To ensure the robustness of the models, time-series cross-validation is performed. Finally, forecasts from all models are combined to potentially achieve better accuracy than individual models.

Data Preprocessing

Data Cleaning: The PercentageChange column is dropped if present.
Date Formatting: A new datetime column ds is created by combining Year and Month, formatted as %Y-%B.
Renaming Columns: The Arrivals column is renamed to y to comply with Prophet's naming conventions.
Sorting and Indexing: The DataFrame is sorted by date and reset to ensure proper ordering.

Modeling Approaches

Prophet

Prophet is a decomposable time-series model developed by Facebook, known for handling seasonality and holidays with ease.

Configuration:
- Yearly and weekly seasonality enabled.
- Daily seasonality disabled.
- Added custom monthly seasonality.
- Changepoint prior scale set to 0.1 to control flexibility.
- Number of changepoints set to 30.
Forecasting: Generates future data points with a monthly frequency.

SARIMA

Seasonal ARIMA models cater to both non-seasonal and seasonal data patterns.

Configuration:
- Order set to (1, 1, 1) for non-seasonal components.
- Seasonal order set to (1, 1, 1, 12) to account for yearly seasonality.
Forecasting: Produces future values based on the fitted SARIMA model.

Exponential Smoothing

This technique models data with trend and seasonality components.

Configuration:
- Additive trend and seasonality.
- Seasonal periods set to 12 to capture annual seasonality.
Forecasting: Generates future points using the fitted model.

LSTM

Long Short-Term Memory networks are a type of recurrent neural network capable of learning long-term dependencies.

Configuration:
- Data scaling using Min-Max Scaler.
- Sequence length set to 12 (past 12 months).
- LSTM layer with 50 units and ReLU activation.
- Dense output layer.
- Compiled with Adam optimizer and Mean Squared Error loss.
- Trained for 50 epochs with a batch size of 32.
Forecasting: Iteratively predicts future values by feeding previous predictions back into the model.

Cross-Validation

Time-series cross-validation is employed to evaluate model performance.

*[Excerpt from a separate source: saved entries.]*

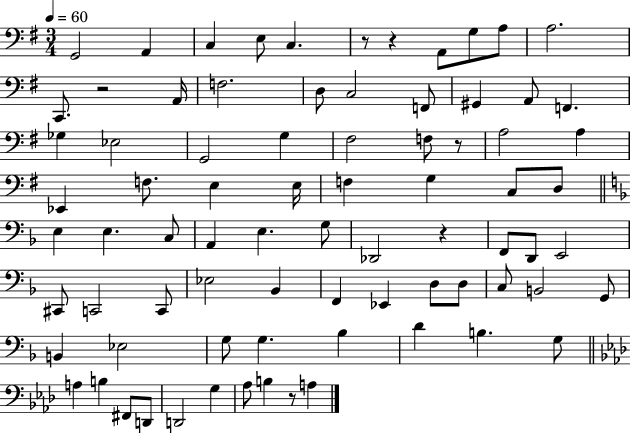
X:1
T:Untitled
M:3/4
L:1/4
K:G
G,,2 A,, C, E,/2 C, z/2 z A,,/2 G,/2 A,/2 A,2 C,,/2 z2 A,,/4 F,2 D,/2 C,2 F,,/2 ^G,, A,,/2 F,, _G, _E,2 G,,2 G, ^F,2 F,/2 z/2 A,2 A, _E,, F,/2 E, E,/4 F, G, C,/2 D,/2 E, E, C,/2 A,, E, G,/2 _D,,2 z F,,/2 D,,/2 E,,2 ^C,,/2 C,,2 C,,/2 _E,2 _B,, F,, _E,, D,/2 D,/2 C,/2 B,,2 G,,/2 B,, _E,2 G,/2 G, _B, D B, G,/2 A, B, ^F,,/2 D,,/2 D,,2 G, _A,/2 B, z/2 A,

Initial Training Size: All models are initially trained on data excluding the last 24 observations (approximately two years).
Horizon: Forecasting is performed 6 months ahead in each fold.
Process:
- The dataset is split into training and testing sets based on the initial size and horizon.
- Each model is trained on the training set and forecasts the next 6 months.
- This process is repeated across multiple folds to ensure robust evaluation.

Combining Forecasts

To potentially enhance forecasting accuracy, predictions from all individual models are combined by averaging their outputs. This ensemble approach leverages the strengths of each model, mitigating individual weaknesses.

Results

Mean Absolute Error (MAE)

MAE is used as the primary metric to evaluate the accuracy of forecasts.

Model	MAE
Prophet	79,235.70
SARIMA	30,043.37
Exponential Smoothing	33,822.78
LSTM	35,437.68
Combined Model	33,960.23

Interpretation:

SARIMA exhibits the lowest MAE among individual models, indicating high accuracy.
Prophet has the highest MAE, suggesting it may be less suited for this particular dataset.
Combined Model achieves a MAE comparable to Exponential Smoothing and LSTM, benefiting from averaging multiple models.

Visualizations

1. Forecasting Results with Combined Forecast

This plot showcases the actual tourist arrivals alongside the predictions from each individual model (Prophet, SARIMA, Exponential Smoothing, LSTM) and the combined forecast. Two vertical dashed lines indicate the end of the training data (Gray) and the end of the entire dataset (Purple).

2. Individual Model Forecasts

Each model's forecasting results are visualized separately to provide detailed insights into their performance.

Prophet
SARIMA
Exponential Smoothing
LSTM

These plots display the actual tourist arrivals and the respective model's predictions, along with a vertical dashed line marking the end of the training data.

3. Residuals Analysis

Residuals (Actual - Predicted) help in assessing the accuracy and reliability of each model.

Prophet Residuals
SARIMA Residuals
Exponential Smoothing Residuals
LSTM Residuals
Combined Model Residuals

These residual plots illustrate the discrepancies between actual values and model predictions. A horizontal dashed line at zero indicates perfect predictions.

4. MAE Comparison

This bar chart compares the Mean Absolute Error (MAE) of each individual model and the combined model, providing a clear visual representation of their relative performances.

License

This project is licensed under the MIT License.

Acknowledgments

Prophet: Developed by Facebook's Core Data Science team.
SARIMA and Exponential Smoothing: Implemented using statsmodels.
LSTM: Built with Keras and TensorFlow.
Data Source: Provided by SLTDA
Open-Source Libraries: Pandas, NumPy, Matplotlib, Scikit-learn, Keras, TensorFlow, and more.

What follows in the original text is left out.